Oltre alle inquadrature ravvicinate e in movimento, catturate dal filmer a piedi o a bordo di una tavola, nel film compare più volte quella che sembra essere la ripresa di una videocamera di sorveglianza.
Si tratta di un'inquadratura d'insieme della piazza, ripresa da una posizione sopraelevata e solo leggermente decentrata rispetto al gruppo di muretti su cui si svolgono le evoluzioni di Bobby De Keyzer.
Da quel punto d'osservazione possiamo vedere la scena come se ci trovassimo al suo interno, lontani dalla prospettiva incarnata delle più abituali riprese ravvicinate e, grazie a questo privilegio, possiamo ricostruire l'indifferenza che il contesto riserva a quella serie di gesti tecnici che, visti più da vicino, sembrano così importanti, quasi titanici.

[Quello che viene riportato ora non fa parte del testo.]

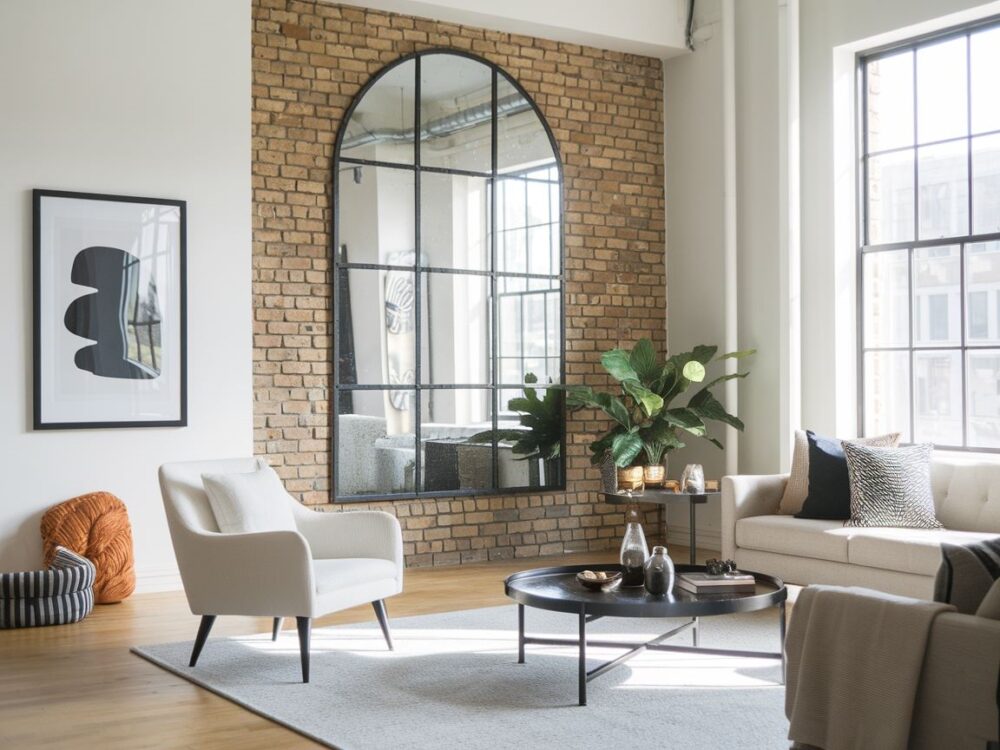 dekoracja salonu lustrem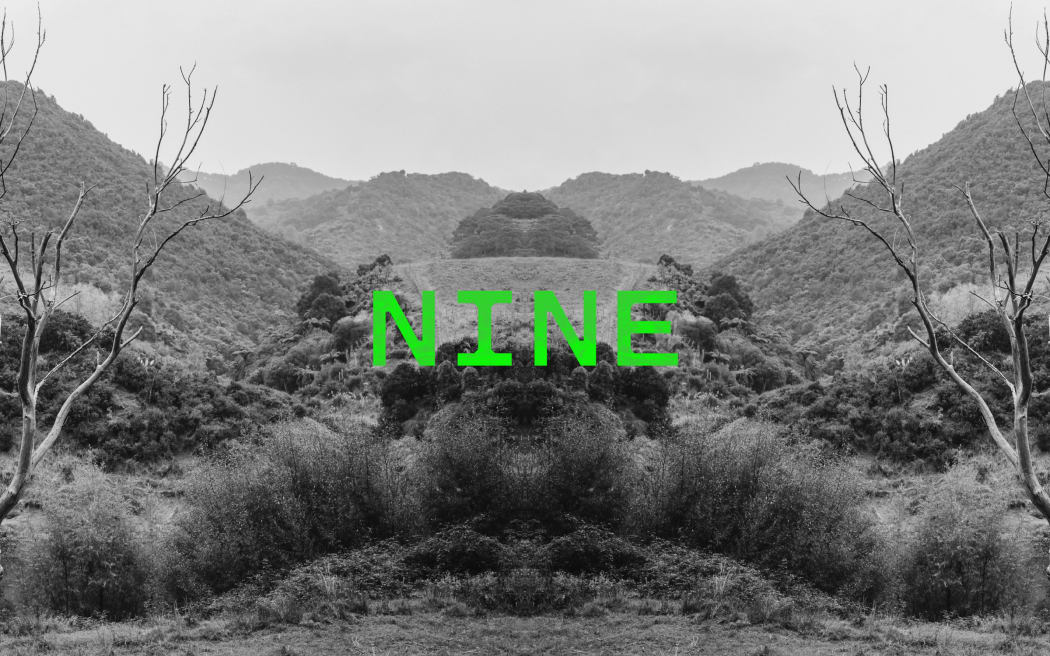Podcast episode image for the 'Mr Lyttle Meets Mr Big' podcast. A moody black and white photograph of a country valley is mirrored vertically creating a Rorschach like effect with the episode number 'NINE' overlaid in vibrant green.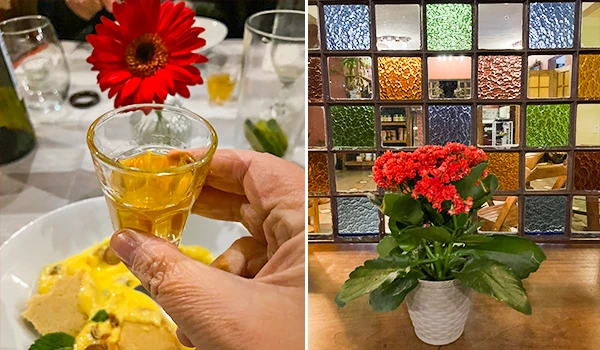Imagem de uma taça licor de Ume no restaurante Pequi, ao lado foto de um vitral e flores da entrada do local. Rotas Gastronômicas do interior de SP.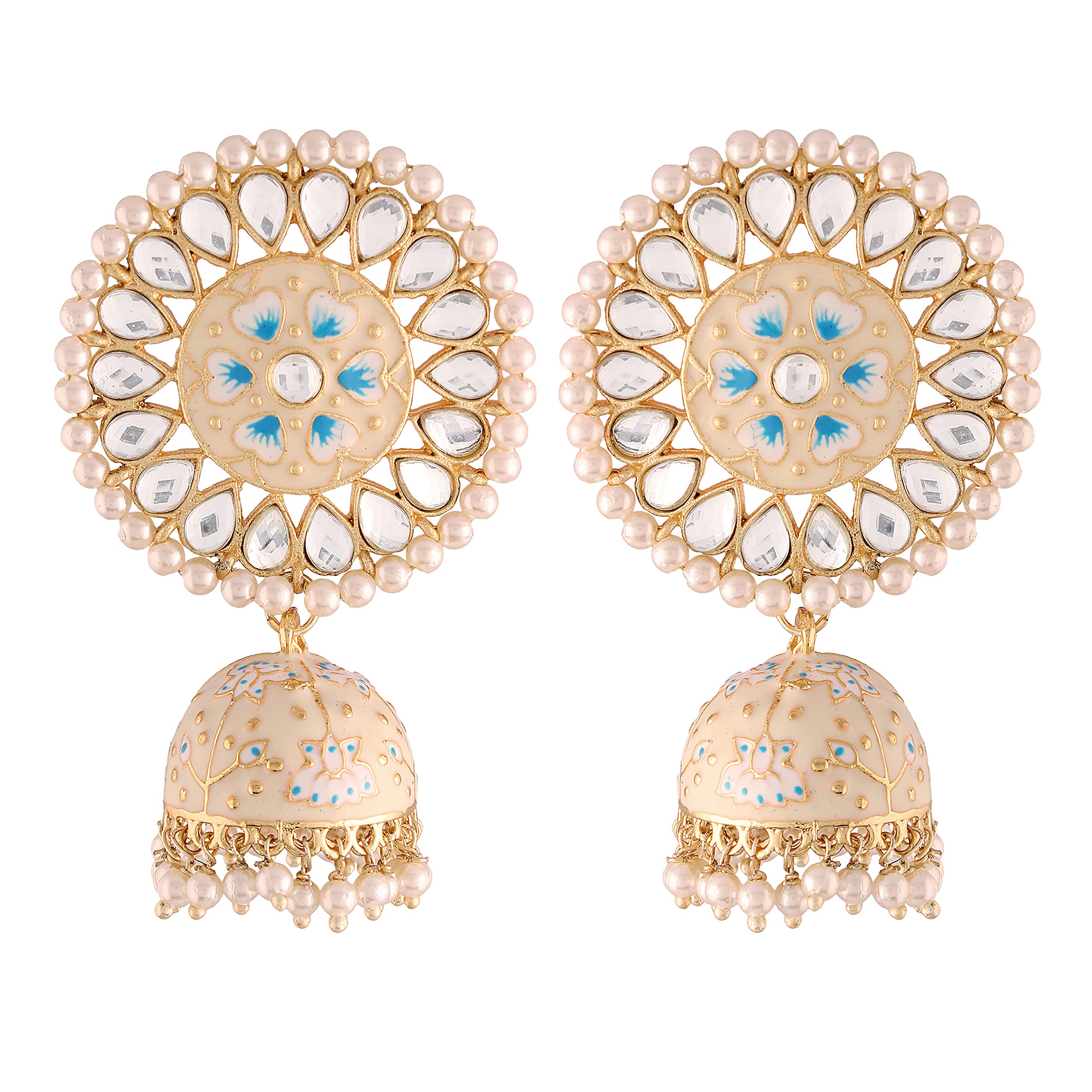 I Jewels Gold Plated Traditional Handcrafted Kundan Pearl Studded Meenakari Jhumki Earring for Women (E2917CBL) (B095KSVD2C) Amazon Price History, Amazon Price Tracker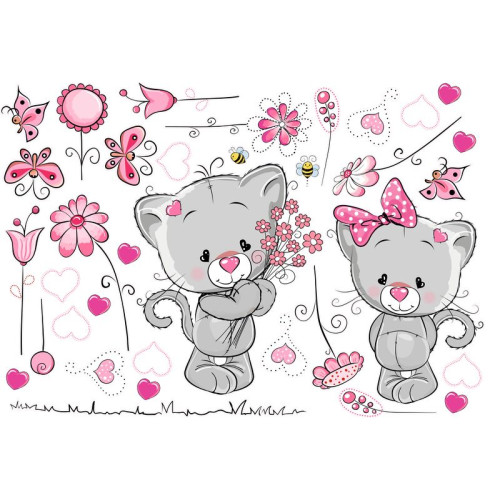 Szerelmes cica pár babaszoba falmatrica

L'effetto è tanto straniante quanto poetico.
Una scena in particolare mi ha colpito in questo senso. È quella in cui, poco dopo il crepuscolo, filmer e skater si inseguono ridotti il primo a luce, quella montata sopra l'obiettivo della videocamera, e il secondo a ombra, quasi impossibile da distinguere in quel momento in cui la giornata si avvia verso la notte e la radiazione solare lentamente va spegnendosi.
La riguardo e penso al modo in cui sottovalutiamo questa dimensione circolare del tempo. Come cambierebbero le nostre vite se iniziassimo a darle la stessa importanza che diamo alla sua progressione lineare?